WHAT THE TASK REQUIRES — Output only the lines below that start at the line containing "Aquazzura ボウ アンクルストラップ サンダル - ブラウン - サムネイル1" and end at the line containing "FALCONIERI WOODEN RECT.TRAY", with both ends kept.

SUPPLIED DATA —
● ● ● ● ● ● ●

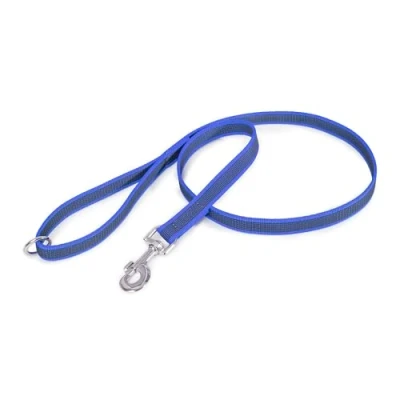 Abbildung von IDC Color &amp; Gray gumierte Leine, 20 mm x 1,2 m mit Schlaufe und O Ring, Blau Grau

● ● ● ● ● ● ●

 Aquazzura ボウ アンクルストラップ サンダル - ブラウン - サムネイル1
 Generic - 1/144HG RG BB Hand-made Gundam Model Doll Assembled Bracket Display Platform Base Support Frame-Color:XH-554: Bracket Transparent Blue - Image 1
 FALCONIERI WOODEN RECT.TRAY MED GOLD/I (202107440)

● ● ● ● ● ● ●

FINISHED EXERCISE —
 Aquazzura ボウ アンクルストラップ サンダル - ブラウン - サムネイル1
 Generic - 1/144HG RG BB Hand-made Gundam Model Doll Assembled Bracket Display Platform Base Support Frame-Color:XH-554: Bracket Transparent Blue - Image 1
 FALCONIERI WOODEN RECT.TRAY MED GOLD/I (202107440)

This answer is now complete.